**What you are asked to do**:
Give the lines again exactly as they appear below, from the line with "మౌలిక వసతులకు నోచుకోని" to the line with "Triple Suite Mountain View Air Conditioning", both included, and only those lines. Leave every picture out.

Stored entries

=== Section Start ===

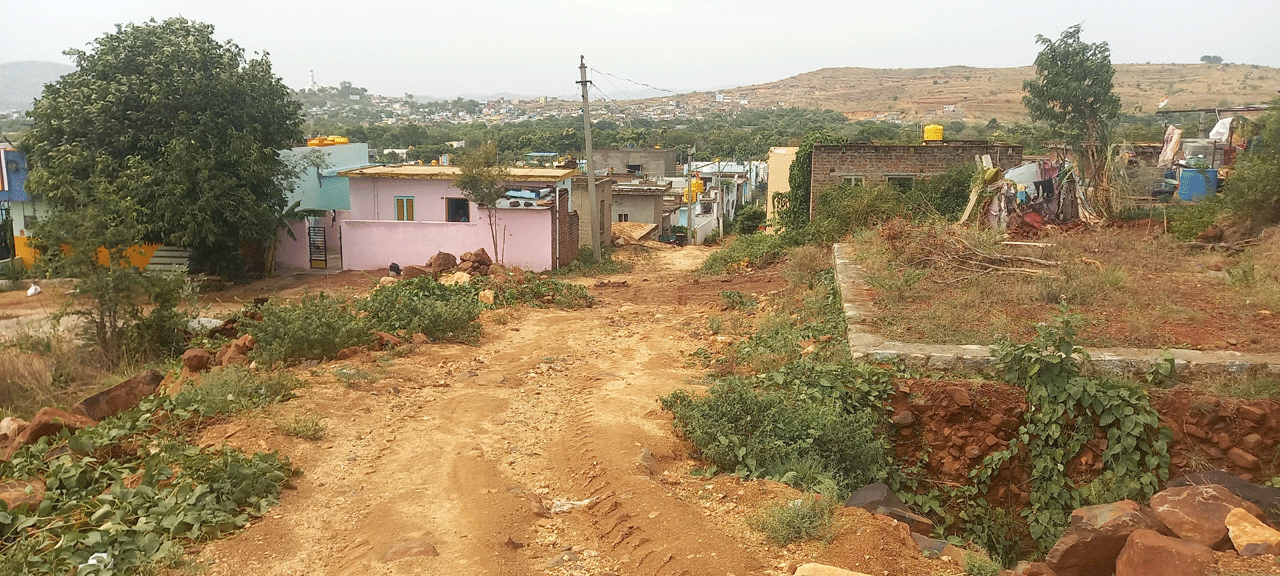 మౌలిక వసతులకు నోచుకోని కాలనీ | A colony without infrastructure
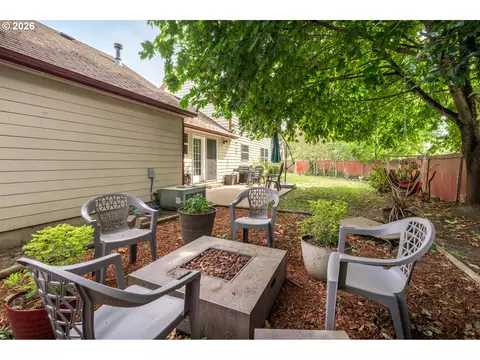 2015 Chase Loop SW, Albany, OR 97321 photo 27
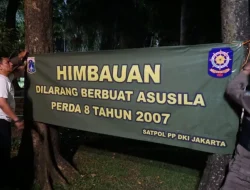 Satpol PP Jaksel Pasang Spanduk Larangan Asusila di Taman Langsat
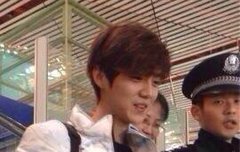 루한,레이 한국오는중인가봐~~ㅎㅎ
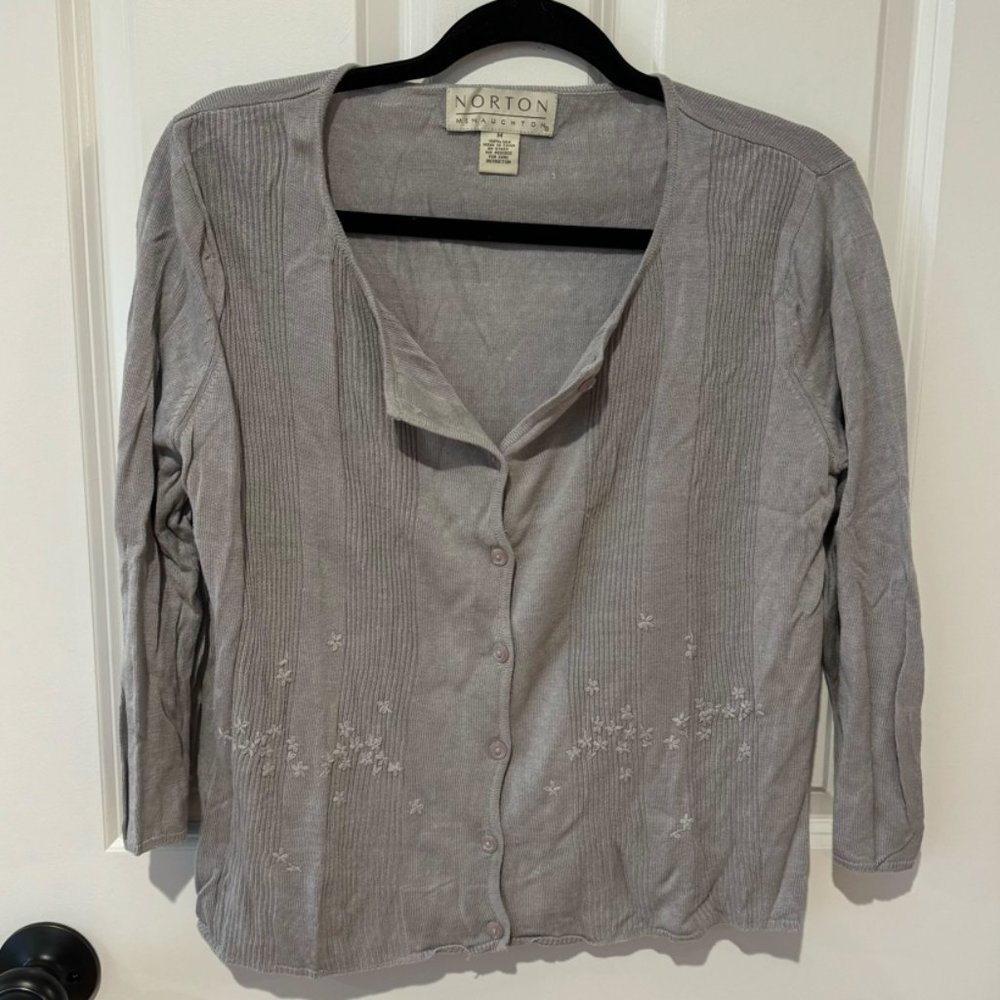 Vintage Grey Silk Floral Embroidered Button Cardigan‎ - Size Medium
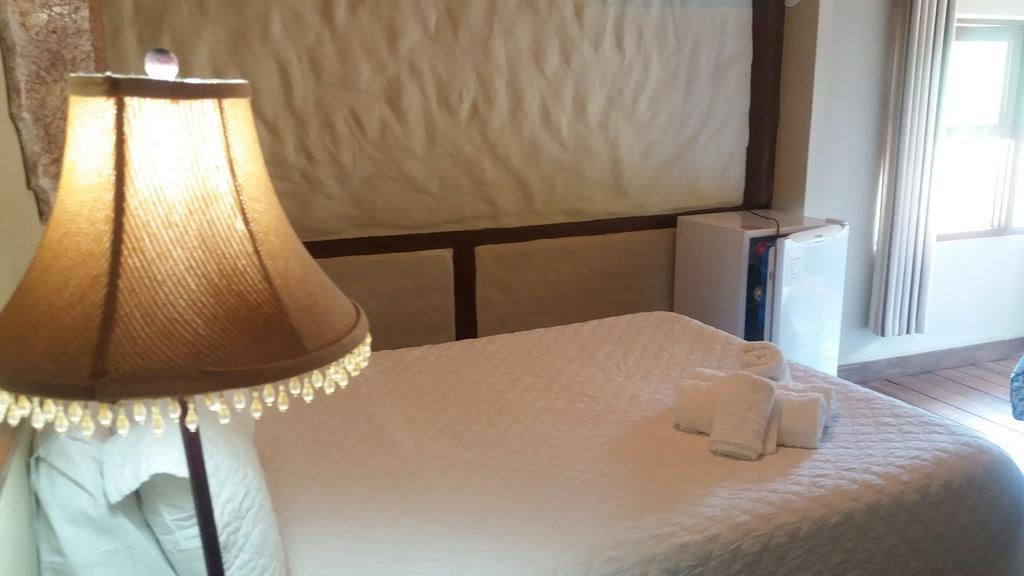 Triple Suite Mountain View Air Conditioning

=== Section End ===
=== Section Start ===

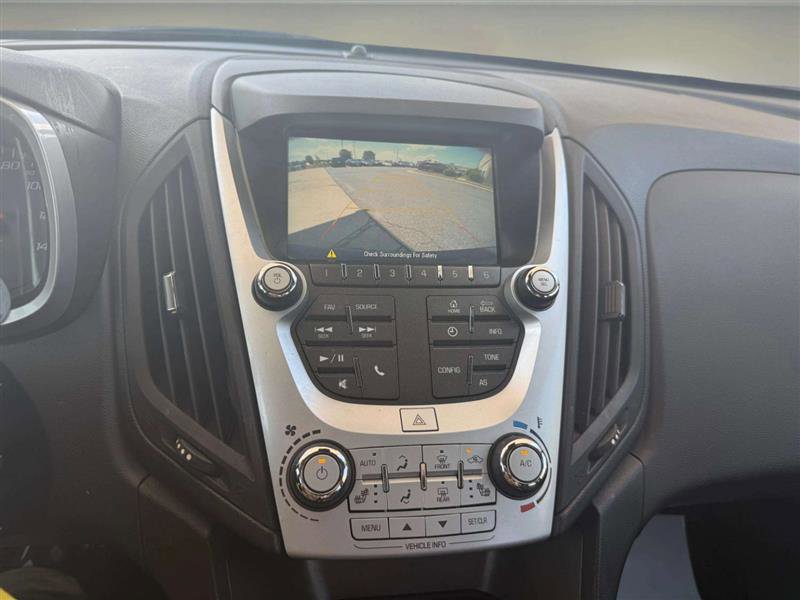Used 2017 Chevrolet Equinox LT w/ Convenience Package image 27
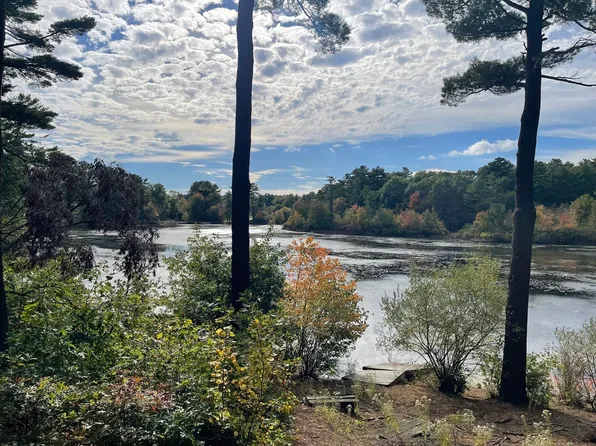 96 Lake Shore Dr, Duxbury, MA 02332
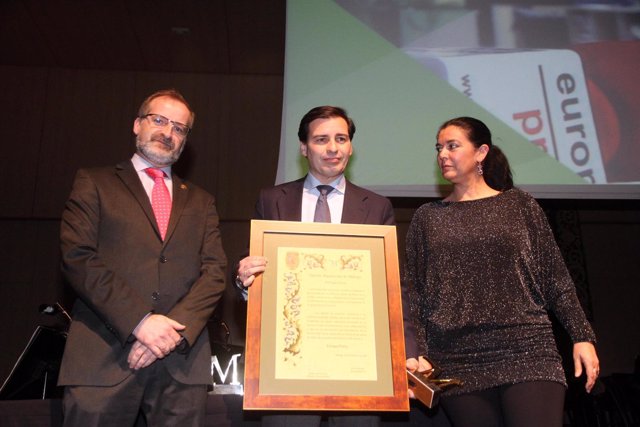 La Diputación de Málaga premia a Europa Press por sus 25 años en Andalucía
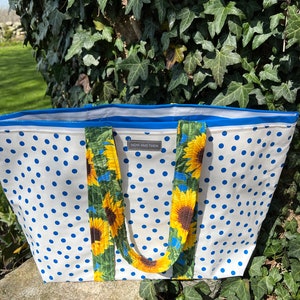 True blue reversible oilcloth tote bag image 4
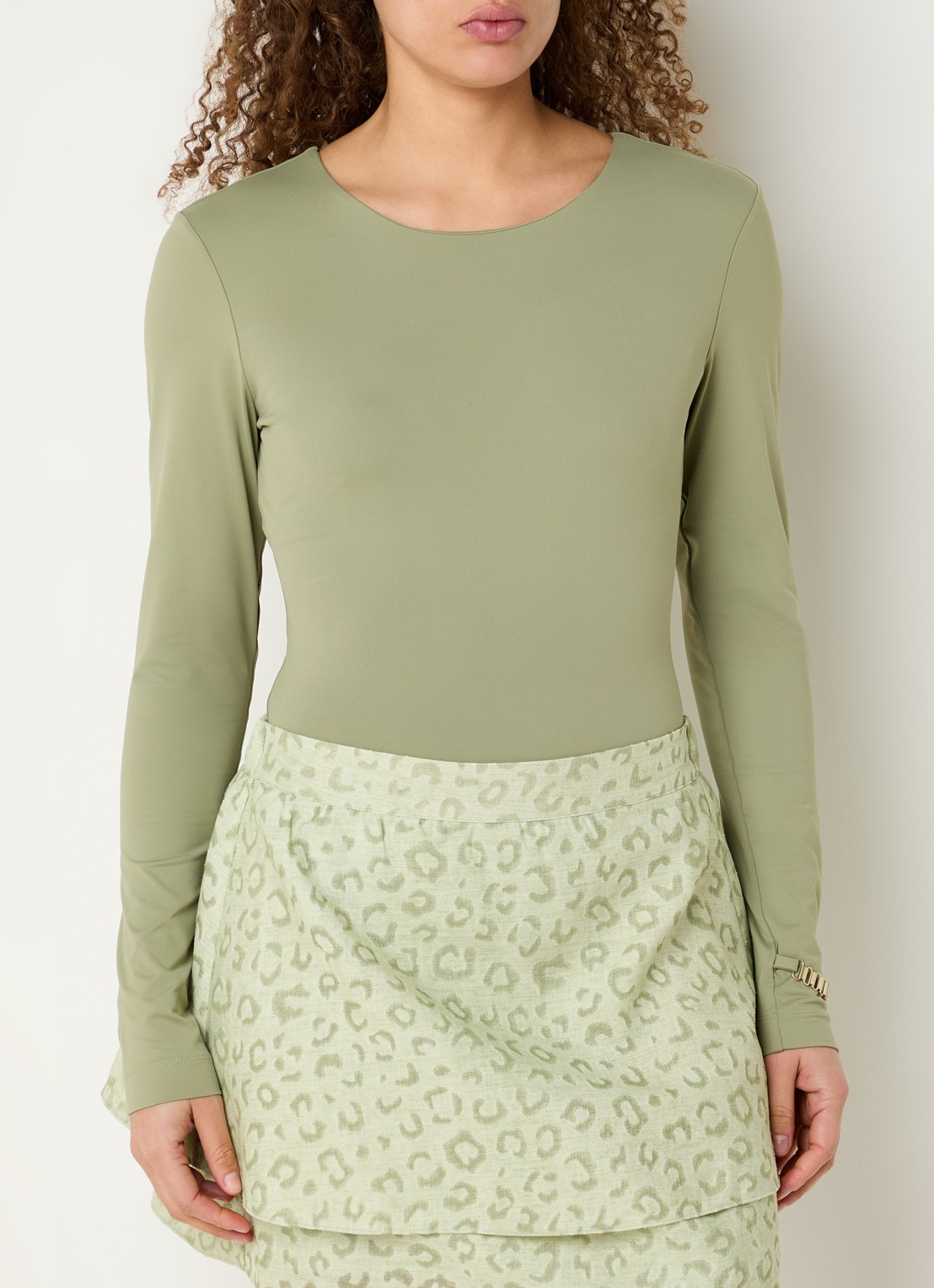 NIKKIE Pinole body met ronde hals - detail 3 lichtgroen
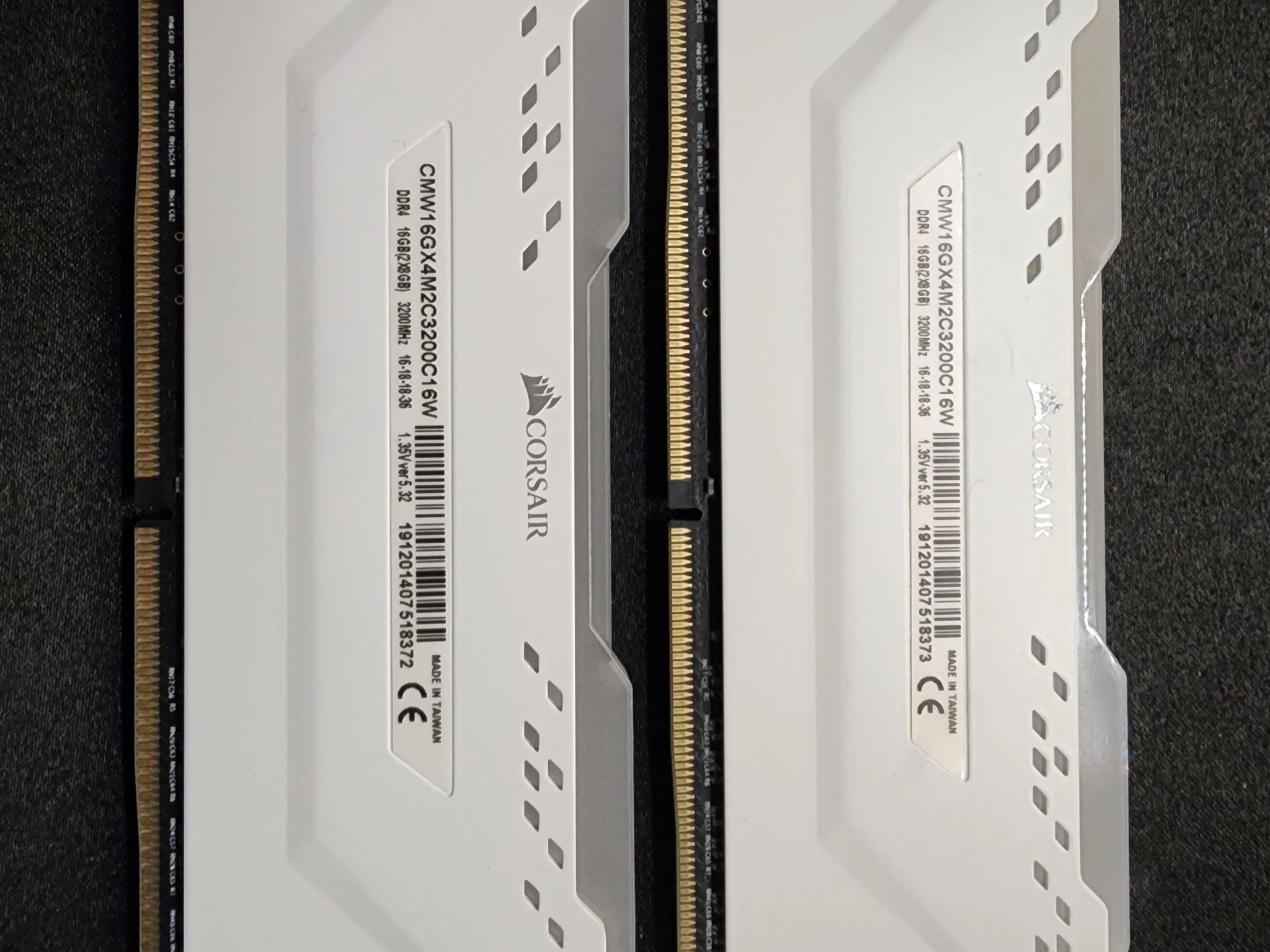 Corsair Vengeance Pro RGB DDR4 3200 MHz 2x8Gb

=== Section End ===

**Exercise result**:
 మౌలిక వసతులకు నోచుకోని కాలనీ | A colony without infrastructure
 2015 Chase Loop SW, Albany, OR 97321 photo 27
 Satpol PP Jaksel Pasang Spanduk Larangan Asusila di Taman Langsat
 루한,레이 한국오는중인가봐~~ㅎㅎ
 Vintage Grey Silk Floral Embroidered Button Cardigan‎ - Size Medium
 Triple Suite Mountain View Air Conditioning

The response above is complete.